Looks like another bug which I’ve reported as TPR#24875.
The problem is that in 17.1 we switched OpenACC from using the default CUDA stream to a different stream. This helped to remove some unneeded synchronization. However when CUDA is linked with OpenACC we have to revert back to using the default CUDA stream. This is what the call to “__pgi_uacc_set_cuda” is doing.
To get this call into the init section of the binary, we create a small assembly file during link that gets assembled and then linked in with your final executable or in this case shared object. The problem is that our compiler engineers missed the shared object case so don’t add the “@PLT” at the end of the call so it’s not PIC.
If you don’t mind a little extra work, I do have short-term work around.
First, link your code with the verbose flag, “-v”. Towards the end you’ll see a line with the “pgimport” utility. Copy this line and change the temp assembly file name to something else. Then edit this code to add “@PLT” at the end of the call to “__pgi_uacc_set_cuda”.

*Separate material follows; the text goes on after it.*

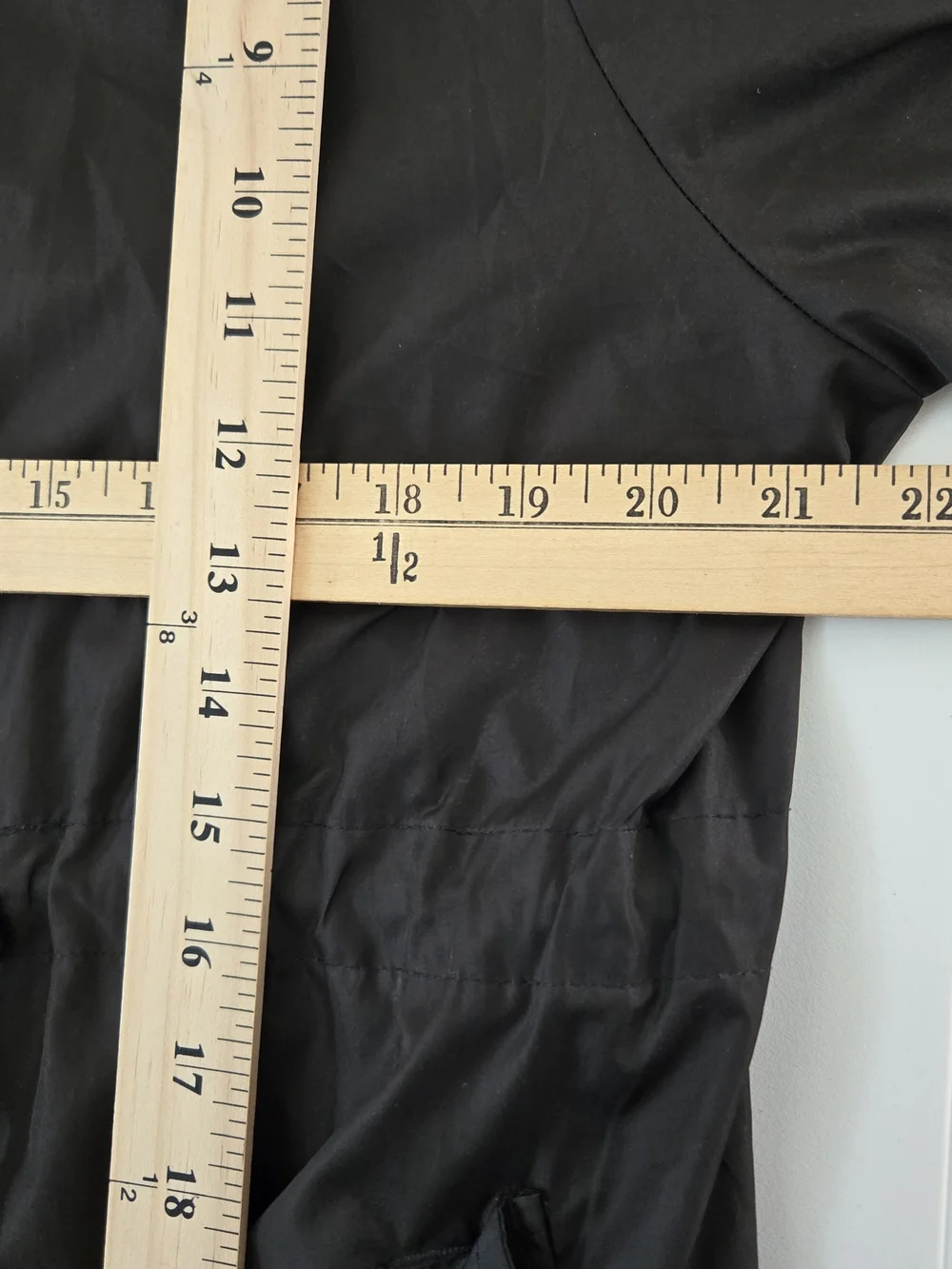 Solid Black Lightweight Hooded Rain Anorak Utility Jacket Zip Close-Size L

% /proj/pgi/linux86-64/17.9/bin/pgimport set_cuda.s -init __pgi_uacc_set_cuda
% vi set_cuda.s
% cat set_cuda.s
Next assemble this file:
/usr/local/bin/as -o set_cuda.o set_cuda.s
Now copy the link line, starts with “ld”, and replace the temp object that begins with “/tmp/pgcudafat…o” (it should be the begging of the link line) and replace it with your “set_cuda.o” object.
I’ve tested this work-around here and was able to generate a shared object.
Apologies for not having a better work around!